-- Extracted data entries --
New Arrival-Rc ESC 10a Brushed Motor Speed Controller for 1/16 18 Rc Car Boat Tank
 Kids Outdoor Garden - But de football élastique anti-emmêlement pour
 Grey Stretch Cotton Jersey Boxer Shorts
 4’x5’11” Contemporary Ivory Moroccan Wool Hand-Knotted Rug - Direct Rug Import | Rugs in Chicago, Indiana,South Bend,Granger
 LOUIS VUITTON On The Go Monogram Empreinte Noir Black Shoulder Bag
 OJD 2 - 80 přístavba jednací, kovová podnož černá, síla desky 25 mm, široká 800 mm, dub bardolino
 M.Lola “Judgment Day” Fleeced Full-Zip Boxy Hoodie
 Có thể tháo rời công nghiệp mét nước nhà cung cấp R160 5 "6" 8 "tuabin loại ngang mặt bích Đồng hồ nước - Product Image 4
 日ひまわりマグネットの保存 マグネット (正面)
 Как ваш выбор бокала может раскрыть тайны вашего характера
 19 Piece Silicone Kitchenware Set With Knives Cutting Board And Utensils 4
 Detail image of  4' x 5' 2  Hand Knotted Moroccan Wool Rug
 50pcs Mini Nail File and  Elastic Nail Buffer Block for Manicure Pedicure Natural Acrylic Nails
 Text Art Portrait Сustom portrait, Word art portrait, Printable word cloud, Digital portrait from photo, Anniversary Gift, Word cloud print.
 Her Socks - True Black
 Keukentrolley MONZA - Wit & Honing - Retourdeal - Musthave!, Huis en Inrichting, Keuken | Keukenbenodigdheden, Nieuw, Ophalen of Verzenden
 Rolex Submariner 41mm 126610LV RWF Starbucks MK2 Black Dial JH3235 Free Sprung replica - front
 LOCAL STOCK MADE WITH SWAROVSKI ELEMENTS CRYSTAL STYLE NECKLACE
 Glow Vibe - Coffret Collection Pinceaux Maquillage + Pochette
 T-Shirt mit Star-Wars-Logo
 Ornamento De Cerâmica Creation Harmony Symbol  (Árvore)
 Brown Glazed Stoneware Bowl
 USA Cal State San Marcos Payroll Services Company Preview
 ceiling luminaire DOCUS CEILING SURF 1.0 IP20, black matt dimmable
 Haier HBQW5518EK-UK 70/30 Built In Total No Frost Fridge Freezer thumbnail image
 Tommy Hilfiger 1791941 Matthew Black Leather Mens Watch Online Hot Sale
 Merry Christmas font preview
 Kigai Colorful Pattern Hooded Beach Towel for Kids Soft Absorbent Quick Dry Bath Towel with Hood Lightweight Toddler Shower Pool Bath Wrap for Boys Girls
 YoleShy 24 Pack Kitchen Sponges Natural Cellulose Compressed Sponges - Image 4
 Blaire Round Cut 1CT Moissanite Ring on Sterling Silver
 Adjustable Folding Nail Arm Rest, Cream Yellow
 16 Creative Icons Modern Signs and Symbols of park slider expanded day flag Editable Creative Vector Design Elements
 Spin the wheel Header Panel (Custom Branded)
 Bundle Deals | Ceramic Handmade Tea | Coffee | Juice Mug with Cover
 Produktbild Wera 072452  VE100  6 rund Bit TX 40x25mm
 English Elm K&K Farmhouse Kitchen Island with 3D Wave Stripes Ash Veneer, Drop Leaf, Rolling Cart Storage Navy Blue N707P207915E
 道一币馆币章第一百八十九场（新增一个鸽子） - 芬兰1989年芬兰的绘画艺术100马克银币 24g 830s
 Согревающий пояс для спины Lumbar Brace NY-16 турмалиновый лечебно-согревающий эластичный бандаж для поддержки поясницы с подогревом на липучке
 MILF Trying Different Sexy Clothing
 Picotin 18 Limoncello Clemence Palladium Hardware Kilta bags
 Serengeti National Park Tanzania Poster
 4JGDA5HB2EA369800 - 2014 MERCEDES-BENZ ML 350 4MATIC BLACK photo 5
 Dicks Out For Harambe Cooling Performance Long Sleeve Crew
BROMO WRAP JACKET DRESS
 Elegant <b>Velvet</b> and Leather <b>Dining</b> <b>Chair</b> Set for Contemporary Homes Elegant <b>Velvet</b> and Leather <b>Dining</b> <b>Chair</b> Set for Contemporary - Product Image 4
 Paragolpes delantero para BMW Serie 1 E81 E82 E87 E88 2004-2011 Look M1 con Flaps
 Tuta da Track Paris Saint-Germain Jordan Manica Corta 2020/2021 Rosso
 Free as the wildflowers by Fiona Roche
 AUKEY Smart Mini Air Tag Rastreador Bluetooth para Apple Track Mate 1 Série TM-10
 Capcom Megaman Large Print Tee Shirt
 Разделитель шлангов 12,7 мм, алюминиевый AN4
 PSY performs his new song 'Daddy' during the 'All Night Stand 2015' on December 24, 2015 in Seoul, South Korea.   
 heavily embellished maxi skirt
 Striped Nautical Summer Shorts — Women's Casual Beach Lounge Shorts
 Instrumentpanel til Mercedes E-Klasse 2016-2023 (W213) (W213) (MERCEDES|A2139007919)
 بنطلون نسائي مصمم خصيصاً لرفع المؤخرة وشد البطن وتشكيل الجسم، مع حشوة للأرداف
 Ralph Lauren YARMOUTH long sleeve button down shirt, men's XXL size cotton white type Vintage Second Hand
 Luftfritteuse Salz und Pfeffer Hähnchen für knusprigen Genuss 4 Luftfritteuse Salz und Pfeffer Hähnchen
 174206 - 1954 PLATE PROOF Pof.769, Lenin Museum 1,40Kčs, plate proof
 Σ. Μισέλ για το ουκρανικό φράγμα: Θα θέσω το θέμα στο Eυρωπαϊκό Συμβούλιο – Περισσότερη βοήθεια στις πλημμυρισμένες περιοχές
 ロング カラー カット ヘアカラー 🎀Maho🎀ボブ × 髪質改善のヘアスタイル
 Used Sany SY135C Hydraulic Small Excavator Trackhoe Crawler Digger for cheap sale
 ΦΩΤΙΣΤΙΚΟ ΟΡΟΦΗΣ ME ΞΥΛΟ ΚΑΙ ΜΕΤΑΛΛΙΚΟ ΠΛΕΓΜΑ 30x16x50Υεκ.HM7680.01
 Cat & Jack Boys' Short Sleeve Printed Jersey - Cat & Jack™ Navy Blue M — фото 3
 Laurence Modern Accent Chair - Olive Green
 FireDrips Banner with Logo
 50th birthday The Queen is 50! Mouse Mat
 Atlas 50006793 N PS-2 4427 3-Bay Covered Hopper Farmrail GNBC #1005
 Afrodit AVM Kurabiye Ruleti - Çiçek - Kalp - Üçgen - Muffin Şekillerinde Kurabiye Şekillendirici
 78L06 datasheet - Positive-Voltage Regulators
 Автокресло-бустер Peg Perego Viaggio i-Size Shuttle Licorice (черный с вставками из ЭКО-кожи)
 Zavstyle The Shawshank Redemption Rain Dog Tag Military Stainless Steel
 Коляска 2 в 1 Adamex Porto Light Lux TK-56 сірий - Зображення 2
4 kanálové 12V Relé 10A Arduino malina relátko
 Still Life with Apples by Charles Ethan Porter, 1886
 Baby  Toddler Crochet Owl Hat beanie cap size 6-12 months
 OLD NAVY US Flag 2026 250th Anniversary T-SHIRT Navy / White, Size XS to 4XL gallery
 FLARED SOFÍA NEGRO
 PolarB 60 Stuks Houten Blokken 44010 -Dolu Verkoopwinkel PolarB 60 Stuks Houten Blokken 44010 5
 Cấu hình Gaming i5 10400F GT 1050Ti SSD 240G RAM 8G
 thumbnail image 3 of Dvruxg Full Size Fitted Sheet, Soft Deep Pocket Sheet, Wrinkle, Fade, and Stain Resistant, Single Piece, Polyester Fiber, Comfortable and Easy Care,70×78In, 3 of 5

-- Prompt --
Output the lines above verbatim and in full.

-- Solution --
New Arrival-Rc ESC 10a Brushed Motor Speed Controller for 1/16 18 Rc Car Boat Tank
 Kids Outdoor Garden - But de football élastique anti-emmêlement pour
 Grey Stretch Cotton Jersey Boxer Shorts
 4’x5’11” Contemporary Ivory Moroccan Wool Hand-Knotted Rug - Direct Rug Import | Rugs in Chicago, Indiana,South Bend,Granger
 LOUIS VUITTON On The Go Monogram Empreinte Noir Black Shoulder Bag
 OJD 2 - 80 přístavba jednací, kovová podnož černá, síla desky 25 mm, široká 800 mm, dub bardolino
 M.Lola “Judgment Day” Fleeced Full-Zip Boxy Hoodie
 Có thể tháo rời công nghiệp mét nước nhà cung cấp R160 5 "6" 8 "tuabin loại ngang mặt bích Đồng hồ nước - Product Image 4
 日ひまわりマグネットの保存 マグネット (正面)
 Как ваш выбор бокала может раскрыть тайны вашего характера
 19 Piece Silicone Kitchenware Set With Knives Cutting Board And Utensils 4
 Detail image of  4' x 5' 2  Hand Knotted Moroccan Wool Rug
 50pcs Mini Nail File and  Elastic Nail Buffer Block for Manicure Pedicure Natural Acrylic Nails
 Text Art Portrait Сustom portrait, Word art portrait, Printable word cloud, Digital portrait from photo, Anniversary Gift, Word cloud print.
 Her Socks - True Black
 Keukentrolley MONZA - Wit & Honing - Retourdeal - Musthave!, Huis en Inrichting, Keuken | Keukenbenodigdheden, Nieuw, Ophalen of Verzenden
 Rolex Submariner 41mm 126610LV RWF Starbucks MK2 Black Dial JH3235 Free Sprung replica - front
 LOCAL STOCK MADE WITH SWAROVSKI ELEMENTS CRYSTAL STYLE NECKLACE
 Glow Vibe - Coffret Collection Pinceaux Maquillage + Pochette
 T-Shirt mit Star-Wars-Logo
 Ornamento De Cerâmica Creation Harmony Symbol  (Árvore)
 Brown Glazed Stoneware Bowl
 USA Cal State San Marcos Payroll Services Company Preview
 ceiling luminaire DOCUS CEILING SURF 1.0 IP20, black matt dimmable
 Haier HBQW5518EK-UK 70/30 Built In Total No Frost Fridge Freezer thumbnail image
 Tommy Hilfiger 1791941 Matthew Black Leather Mens Watch Online Hot Sale
 Merry Christmas font preview
 Kigai Colorful Pattern Hooded Beach Towel for Kids Soft Absorbent Quick Dry Bath Towel with Hood Lightweight Toddler Shower Pool Bath Wrap for Boys Girls
 YoleShy 24 Pack Kitchen Sponges Natural Cellulose Compressed Sponges - Image 4
 Blaire Round Cut 1CT Moissanite Ring on Sterling Silver
 Adjustable Folding Nail Arm Rest, Cream Yellow
 16 Creative Icons Modern Signs and Symbols of park slider expanded day flag Editable Creative Vector Design Elements
 Spin the wheel Header Panel (Custom Branded)
 Bundle Deals | Ceramic Handmade Tea | Coffee | Juice Mug with Cover
 Produktbild Wera 072452  VE100  6 rund Bit TX 40x25mm
 English Elm K&K Farmhouse Kitchen Island with 3D Wave Stripes Ash Veneer, Drop Leaf, Rolling Cart Storage Navy Blue N707P207915E
 道一币馆币章第一百八十九场（新增一个鸽子） - 芬兰1989年芬兰的绘画艺术100马克银币 24g 830s
 Согревающий пояс для спины Lumbar Brace NY-16 турмалиновый лечебно-согревающий эластичный бандаж для поддержки поясницы с подогревом на липучке
 MILF Trying Different Sexy Clothing
 Picotin 18 Limoncello Clemence Palladium Hardware Kilta bags
 Serengeti National Park Tanzania Poster
 4JGDA5HB2EA369800 - 2014 MERCEDES-BENZ ML 350 4MATIC BLACK photo 5
 Dicks Out For Harambe Cooling Performance Long Sleeve Crew
BROMO WRAP JACKET DRESS
 Elegant <b>Velvet</b> and Leather <b>Dining</b> <b>Chair</b> Set for Contemporary Homes Elegant <b>Velvet</b> and Leather <b>Dining</b> <b>Chair</b> Set for Contemporary - Product Image 4
 Paragolpes delantero para BMW Serie 1 E81 E82 E87 E88 2004-2011 Look M1 con Flaps
 Tuta da Track Paris Saint-Germain Jordan Manica Corta 2020/2021 Rosso
 Free as the wildflowers by Fiona Roche
 AUKEY Smart Mini Air Tag Rastreador Bluetooth para Apple Track Mate 1 Série TM-10
 Capcom Megaman Large Print Tee Shirt
 Разделитель шлангов 12,7 мм, алюминиевый AN4
 PSY performs his new song 'Daddy' during the 'All Night Stand 2015' on December 24, 2015 in Seoul, South Korea.   
 heavily embellished maxi skirt
 Striped Nautical Summer Shorts — Women's Casual Beach Lounge Shorts
 Instrumentpanel til Mercedes E-Klasse 2016-2023 (W213) (W213) (MERCEDES|A2139007919)
 بنطلون نسائي مصمم خصيصاً لرفع المؤخرة وشد البطن وتشكيل الجسم، مع حشوة للأرداف
 Ralph Lauren YARMOUTH long sleeve button down shirt, men's XXL size cotton white type Vintage Second Hand
 Luftfritteuse Salz und Pfeffer Hähnchen für knusprigen Genuss 4 Luftfritteuse Salz und Pfeffer Hähnchen
 174206 - 1954 PLATE PROOF Pof.769, Lenin Museum 1,40Kčs, plate proof
 Σ. Μισέλ για το ουκρανικό φράγμα: Θα θέσω το θέμα στο Eυρωπαϊκό Συμβούλιο – Περισσότερη βοήθεια στις πλημμυρισμένες περιοχές
 ロング カラー カット ヘアカラー 🎀Maho🎀ボブ × 髪質改善のヘアスタイル
 Used Sany SY135C Hydraulic Small Excavator Trackhoe Crawler Digger for cheap sale
 ΦΩΤΙΣΤΙΚΟ ΟΡΟΦΗΣ ME ΞΥΛΟ ΚΑΙ ΜΕΤΑΛΛΙΚΟ ΠΛΕΓΜΑ 30x16x50Υεκ.HM7680.01
 Cat & Jack Boys' Short Sleeve Printed Jersey - Cat & Jack™ Navy Blue M — фото 3
 Laurence Modern Accent Chair - Olive Green
 FireDrips Banner with Logo
 50th birthday The Queen is 50! Mouse Mat
 Atlas 50006793 N PS-2 4427 3-Bay Covered Hopper Farmrail GNBC #1005
 Afrodit AVM Kurabiye Ruleti - Çiçek - Kalp - Üçgen - Muffin Şekillerinde Kurabiye Şekillendirici
 78L06 datasheet - Positive-Voltage Regulators
 Автокресло-бустер Peg Perego Viaggio i-Size Shuttle Licorice (черный с вставками из ЭКО-кожи)
 Zavstyle The Shawshank Redemption Rain Dog Tag Military Stainless Steel
 Коляска 2 в 1 Adamex Porto Light Lux TK-56 сірий - Зображення 2
4 kanálové 12V Relé 10A Arduino malina relátko
 Still Life with Apples by Charles Ethan Porter, 1886
 Baby  Toddler Crochet Owl Hat beanie cap size 6-12 months
 OLD NAVY US Flag 2026 250th Anniversary T-SHIRT Navy / White, Size XS to 4XL gallery
 FLARED SOFÍA NEGRO
 PolarB 60 Stuks Houten Blokken 44010 -Dolu Verkoopwinkel PolarB 60 Stuks Houten Blokken 44010 5
 Cấu hình Gaming i5 10400F GT 1050Ti SSD 240G RAM 8G
 thumbnail image 3 of Dvruxg Full Size Fitted Sheet, Soft Deep Pocket Sheet, Wrinkle, Fade, and Stain Resistant, Single Piece, Polyester Fiber, Comfortable and Easy Care,70×78In, 3 of 5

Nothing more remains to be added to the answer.